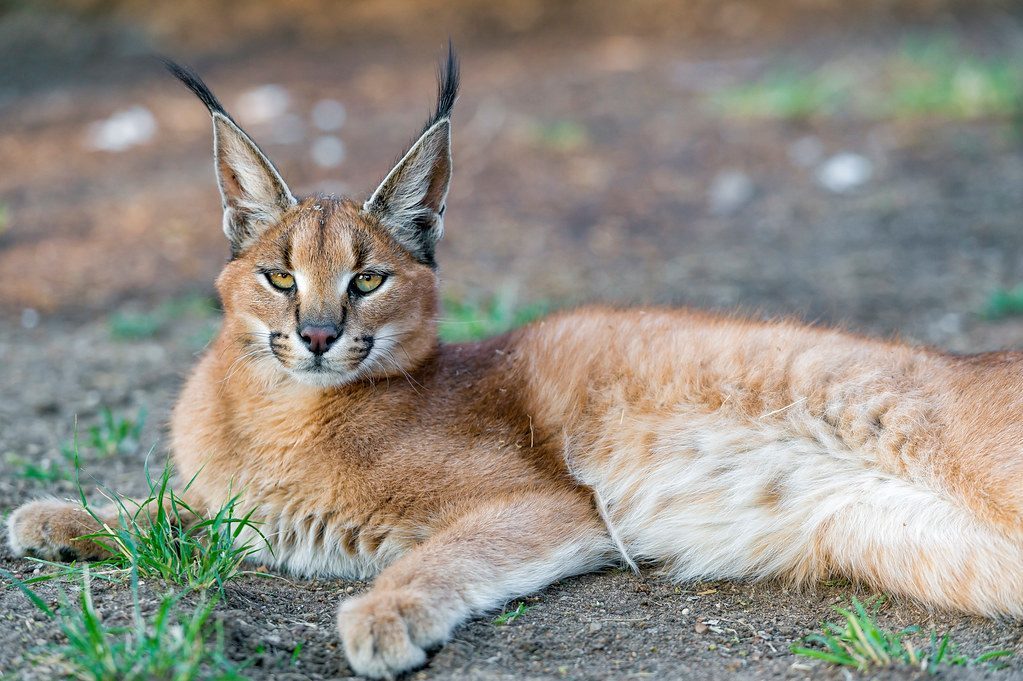 2. Caracal: The High-Jumping Predator With Signature Ears (Image Credits: Flickr)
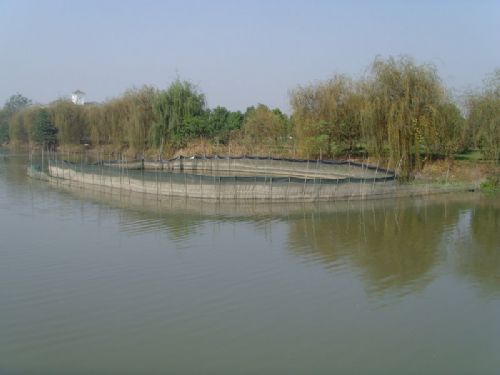溱湖國家濕地公園圖片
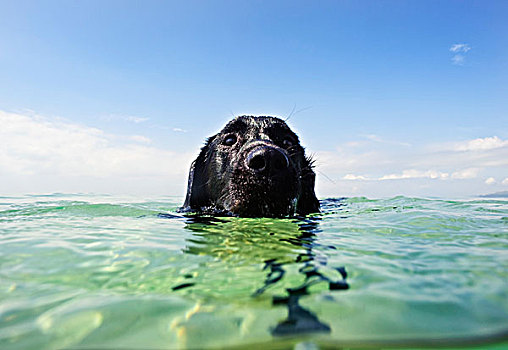 狗,游泳,水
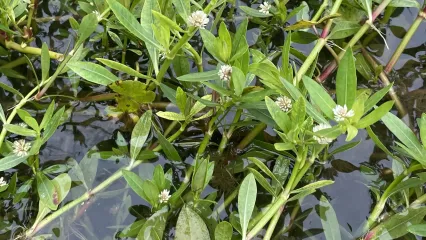 A photo of invasive alligator weed in Oklahoma.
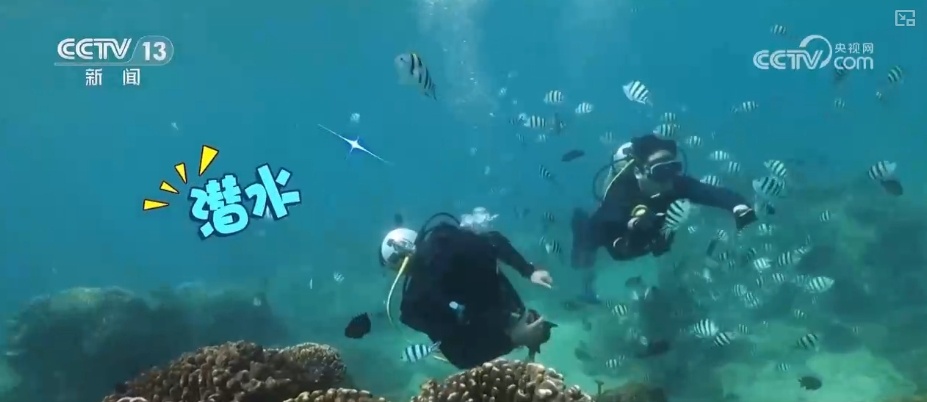 多彩旅游公路串景成链 体验舌尖漫旅看最美风景享独特年味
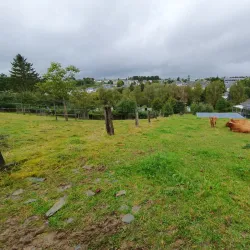 Hiking Trails in the Ardennes - Clervaux
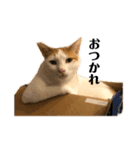 猫 一郎くん（個別スタンプ：5）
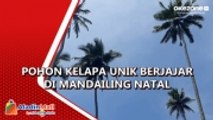 Penampakan Sejumlah Pohon Kelapa Unik Berjajar di Mandailing Natal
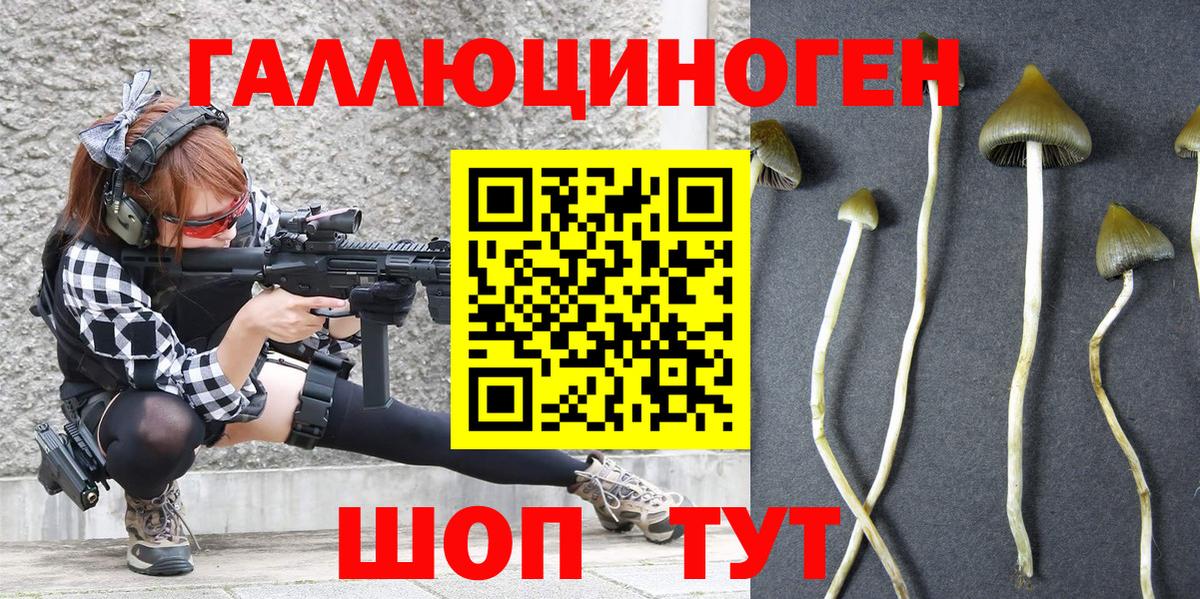 Псилоцибиновые грибы MAGIC MUSHROOMS Минусинск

## Task brief:
All of the material above is to be copied exactly, except for its images.

## The answer:
 2. Caracal: The High-Jumping Predator With Signature Ears (Image Credits: Flickr)
溱湖國家濕地公園圖片
 狗,游泳,水
 A photo of invasive alligator weed in Oklahoma.
 多彩旅游公路串景成链 体验舌尖漫旅看最美风景享独特年味
 Hiking Trails in the Ardennes - Clervaux
 猫 一郎くん（個別スタンプ：5）
 Penampakan Sejumlah Pohon Kelapa Unik Berjajar di Mandailing Natal
 Псилоцибиновые грибы MAGIC MUSHROOMS Минусинск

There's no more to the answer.